____ Data shown

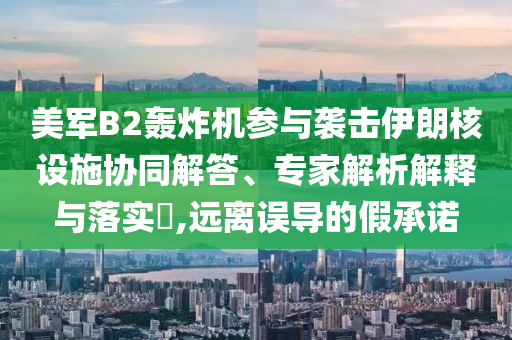美軍B2轟炸機參與襲擊伊朗核設(shè)施協(xié)同解答、專家解析解釋與落實?,遠(yuǎn)離誤導(dǎo)的假承諾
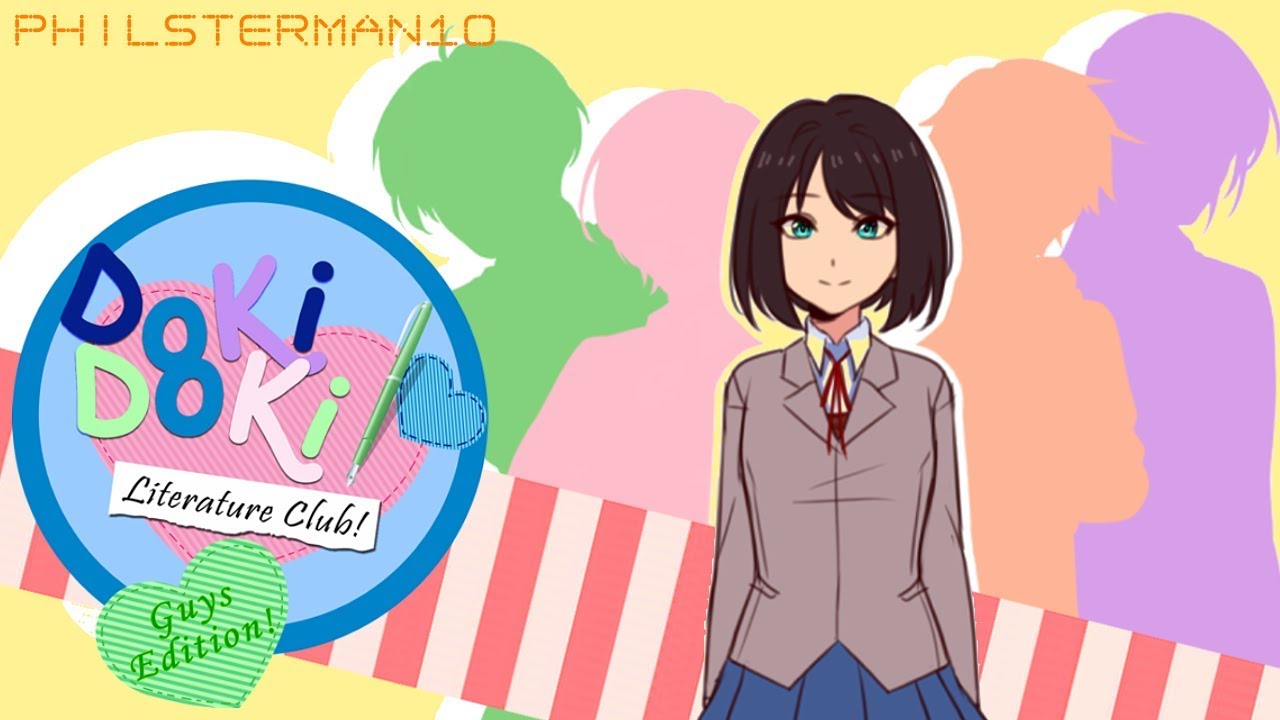 【DDLC GUYS EDITION】Doki Doki Forever ☆ Cover by Philsterman10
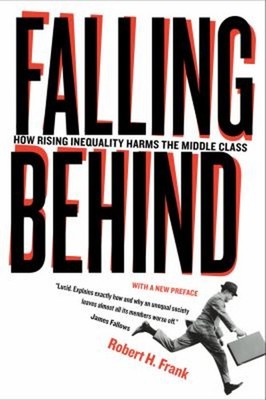 Falling Behind : How Rising Inequality Harms the Middle Class Rob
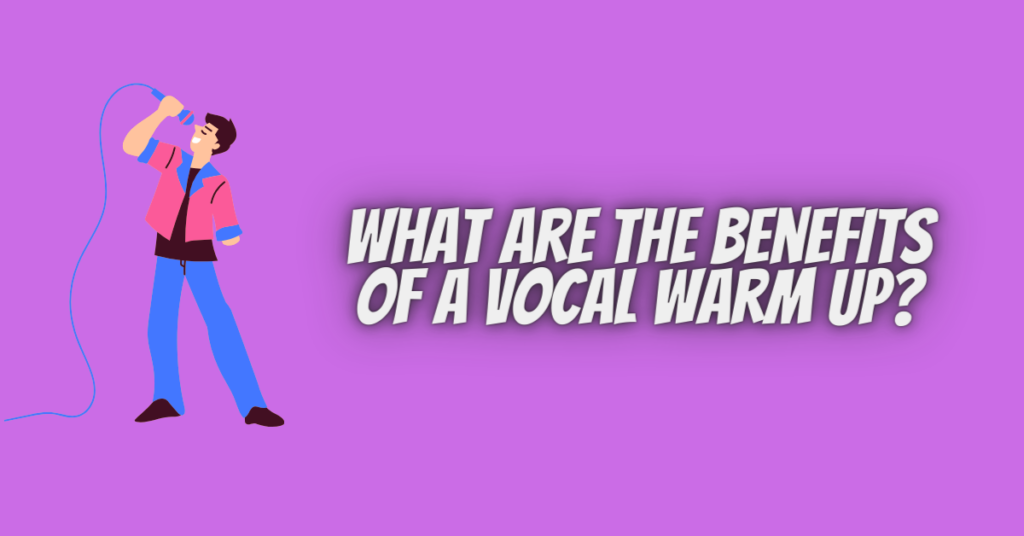 what are the benefits of a vocal warm up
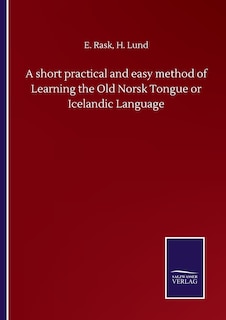 Couverture_A Short Practical And Easy Method Of Learning The Old Norsk Tongue Or Icelandic Language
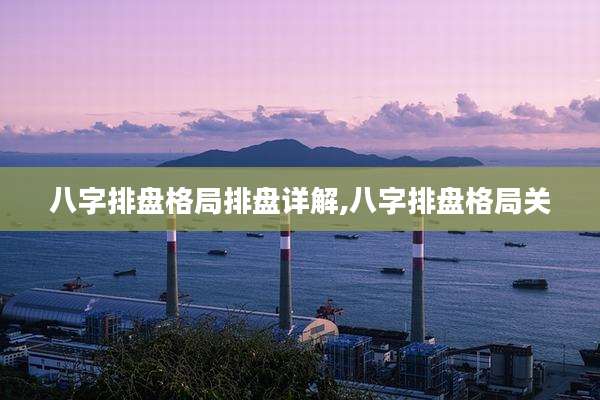 八字排盘格局排盘详解,八字排盘格局关
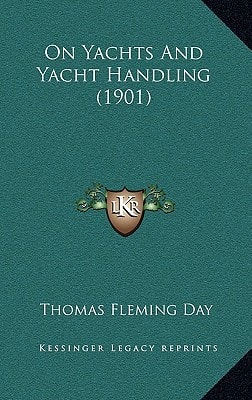 On Yachts And Yacht Handling (1901)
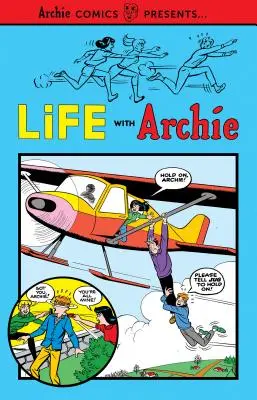 Viața cu Archie Vol. 1 - Life with Archie Vol. 1
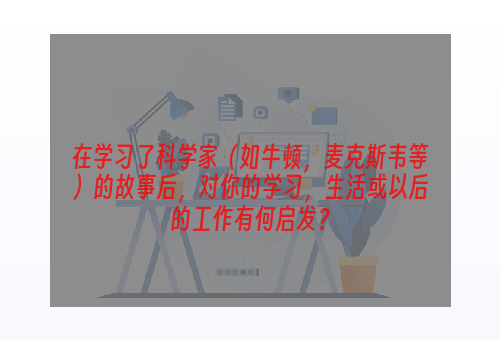 在学习了科学家（如牛顿，麦克斯韦等）的故事后，对你的学习，生活或以后的工作有何启发？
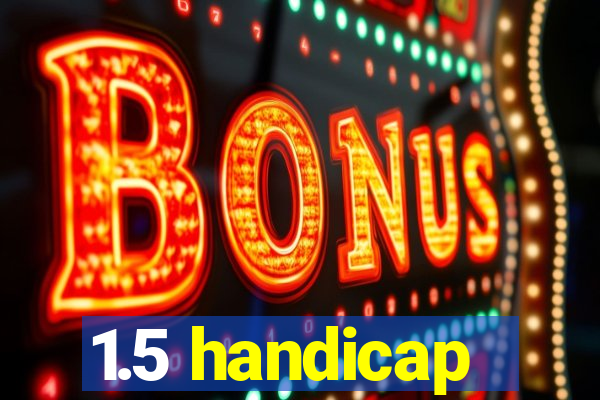 1.5 handicap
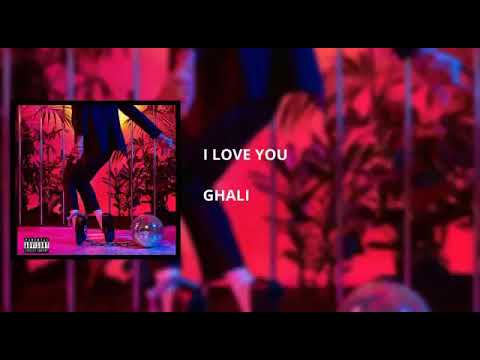 Ghali - I LOVE YOU - (OFFICIAL AUDIO)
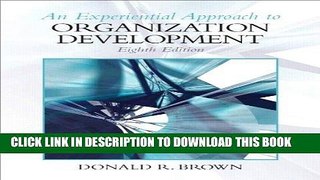 [Read PDF] An Experiential Approach to Organization Development, 8th Edition Ebook Free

________

◆ What this task involves ◆
Please give again, word for word, the lines from the one containing "Couverture_A Short Practical" through the last line of the listing above, inclusive, and leave out pictures.

◆ Response to this exercise ◆
 Couverture_A Short Practical And Easy Method Of Learning The Old Norsk Tongue Or Icelandic Language
 八字排盘格局排盘详解,八字排盘格局关
 On Yachts And Yacht Handling (1901)
 Viața cu Archie Vol. 1 - Life with Archie Vol. 1
 在学习了科学家（如牛顿，麦克斯韦等）的故事后，对你的学习，生活或以后的工作有何启发？
 1.5 handicap
 Ghali - I LOVE YOU - (OFFICIAL AUDIO)
 [Read PDF] An Experiential Approach to Organization Development, 8th Edition Ebook Free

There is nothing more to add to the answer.